What is required =>
The response should be a faithful copy of every record, with nothing left out.

┌────────

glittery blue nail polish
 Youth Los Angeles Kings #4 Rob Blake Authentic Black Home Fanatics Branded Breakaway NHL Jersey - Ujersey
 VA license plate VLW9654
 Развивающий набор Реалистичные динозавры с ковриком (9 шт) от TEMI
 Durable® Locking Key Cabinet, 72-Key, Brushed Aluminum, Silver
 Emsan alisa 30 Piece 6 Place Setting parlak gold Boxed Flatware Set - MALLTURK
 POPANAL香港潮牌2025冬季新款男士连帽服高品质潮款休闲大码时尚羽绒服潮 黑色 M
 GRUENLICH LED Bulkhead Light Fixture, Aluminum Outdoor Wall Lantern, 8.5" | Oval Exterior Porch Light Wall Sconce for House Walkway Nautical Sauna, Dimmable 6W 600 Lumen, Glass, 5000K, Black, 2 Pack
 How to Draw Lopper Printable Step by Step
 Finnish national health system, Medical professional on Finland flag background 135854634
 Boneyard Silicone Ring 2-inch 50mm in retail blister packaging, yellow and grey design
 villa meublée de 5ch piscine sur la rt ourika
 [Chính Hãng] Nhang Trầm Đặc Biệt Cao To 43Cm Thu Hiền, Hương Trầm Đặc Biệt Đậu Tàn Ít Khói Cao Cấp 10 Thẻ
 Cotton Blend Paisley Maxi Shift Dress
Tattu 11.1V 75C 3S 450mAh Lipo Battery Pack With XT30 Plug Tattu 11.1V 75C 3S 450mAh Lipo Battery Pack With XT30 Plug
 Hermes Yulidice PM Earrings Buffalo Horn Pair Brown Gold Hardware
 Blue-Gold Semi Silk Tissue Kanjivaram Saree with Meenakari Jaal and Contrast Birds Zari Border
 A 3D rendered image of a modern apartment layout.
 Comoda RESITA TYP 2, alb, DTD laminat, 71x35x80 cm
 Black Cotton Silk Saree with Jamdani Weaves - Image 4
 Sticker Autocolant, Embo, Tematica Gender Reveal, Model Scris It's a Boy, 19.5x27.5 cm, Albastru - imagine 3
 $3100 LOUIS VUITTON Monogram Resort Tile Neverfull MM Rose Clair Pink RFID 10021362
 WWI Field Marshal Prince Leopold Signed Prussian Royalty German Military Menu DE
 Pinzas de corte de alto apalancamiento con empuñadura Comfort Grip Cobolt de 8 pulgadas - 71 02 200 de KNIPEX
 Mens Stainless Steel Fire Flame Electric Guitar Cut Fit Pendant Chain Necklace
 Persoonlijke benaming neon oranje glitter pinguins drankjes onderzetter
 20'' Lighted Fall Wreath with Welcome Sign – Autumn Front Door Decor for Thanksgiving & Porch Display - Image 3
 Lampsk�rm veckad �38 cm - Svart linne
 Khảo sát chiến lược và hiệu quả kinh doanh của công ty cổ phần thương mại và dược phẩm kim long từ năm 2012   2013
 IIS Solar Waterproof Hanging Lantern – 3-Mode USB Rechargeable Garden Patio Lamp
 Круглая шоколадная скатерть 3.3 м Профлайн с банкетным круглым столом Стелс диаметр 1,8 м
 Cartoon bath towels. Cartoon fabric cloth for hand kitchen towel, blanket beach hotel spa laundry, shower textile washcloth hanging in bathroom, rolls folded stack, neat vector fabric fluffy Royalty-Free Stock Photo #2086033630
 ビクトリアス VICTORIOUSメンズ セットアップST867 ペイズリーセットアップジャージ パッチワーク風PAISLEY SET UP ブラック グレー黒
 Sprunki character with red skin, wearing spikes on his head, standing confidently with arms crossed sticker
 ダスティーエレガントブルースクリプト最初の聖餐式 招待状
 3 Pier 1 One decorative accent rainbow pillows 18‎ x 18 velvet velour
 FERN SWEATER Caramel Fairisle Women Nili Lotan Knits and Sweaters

└────────

Exercise output =>
glittery blue nail polish
 Youth Los Angeles Kings #4 Rob Blake Authentic Black Home Fanatics Branded Breakaway NHL Jersey - Ujersey
 VA license plate VLW9654
 Развивающий набор Реалистичные динозавры с ковриком (9 шт) от TEMI
 Durable® Locking Key Cabinet, 72-Key, Brushed Aluminum, Silver
 Emsan alisa 30 Piece 6 Place Setting parlak gold Boxed Flatware Set - MALLTURK
 POPANAL香港潮牌2025冬季新款男士连帽服高品质潮款休闲大码时尚羽绒服潮 黑色 M
 GRUENLICH LED Bulkhead Light Fixture, Aluminum Outdoor Wall Lantern, 8.5" | Oval Exterior Porch Light Wall Sconce for House Walkway Nautical Sauna, Dimmable 6W 600 Lumen, Glass, 5000K, Black, 2 Pack
 How to Draw Lopper Printable Step by Step
 Finnish national health system, Medical professional on Finland flag background 135854634
 Boneyard Silicone Ring 2-inch 50mm in retail blister packaging, yellow and grey design
 villa meublée de 5ch piscine sur la rt ourika
 [Chính Hãng] Nhang Trầm Đặc Biệt Cao To 43Cm Thu Hiền, Hương Trầm Đặc Biệt Đậu Tàn Ít Khói Cao Cấp 10 Thẻ
 Cotton Blend Paisley Maxi Shift Dress
Tattu 11.1V 75C 3S 450mAh Lipo Battery Pack With XT30 Plug Tattu 11.1V 75C 3S 450mAh Lipo Battery Pack With XT30 Plug
 Hermes Yulidice PM Earrings Buffalo Horn Pair Brown Gold Hardware
 Blue-Gold Semi Silk Tissue Kanjivaram Saree with Meenakari Jaal and Contrast Birds Zari Border
 A 3D rendered image of a modern apartment layout.
 Comoda RESITA TYP 2, alb, DTD laminat, 71x35x80 cm
 Black Cotton Silk Saree with Jamdani Weaves - Image 4
 Sticker Autocolant, Embo, Tematica Gender Reveal, Model Scris It's a Boy, 19.5x27.5 cm, Albastru - imagine 3
 $3100 LOUIS VUITTON Monogram Resort Tile Neverfull MM Rose Clair Pink RFID 10021362
 WWI Field Marshal Prince Leopold Signed Prussian Royalty German Military Menu DE
 Pinzas de corte de alto apalancamiento con empuñadura Comfort Grip Cobolt de 8 pulgadas - 71 02 200 de KNIPEX
 Mens Stainless Steel Fire Flame Electric Guitar Cut Fit Pendant Chain Necklace
 Persoonlijke benaming neon oranje glitter pinguins drankjes onderzetter
 20'' Lighted Fall Wreath with Welcome Sign – Autumn Front Door Decor for Thanksgiving & Porch Display - Image 3
 Lampsk�rm veckad �38 cm - Svart linne
 Khảo sát chiến lược và hiệu quả kinh doanh của công ty cổ phần thương mại và dược phẩm kim long từ năm 2012   2013
 IIS Solar Waterproof Hanging Lantern – 3-Mode USB Rechargeable Garden Patio Lamp
 Круглая шоколадная скатерть 3.3 м Профлайн с банкетным круглым столом Стелс диаметр 1,8 м
 Cartoon bath towels. Cartoon fabric cloth for hand kitchen towel, blanket beach hotel spa laundry, shower textile washcloth hanging in bathroom, rolls folded stack, neat vector fabric fluffy Royalty-Free Stock Photo #2086033630
 ビクトリアス VICTORIOUSメンズ セットアップST867 ペイズリーセットアップジャージ パッチワーク風PAISLEY SET UP ブラック グレー黒
 Sprunki character with red skin, wearing spikes on his head, standing confidently with arms crossed sticker
 ダスティーエレガントブルースクリプト最初の聖餐式 招待状
 3 Pier 1 One decorative accent rainbow pillows 18‎ x 18 velvet velour
 FERN SWEATER Caramel Fairisle Women Nili Lotan Knits and Sweaters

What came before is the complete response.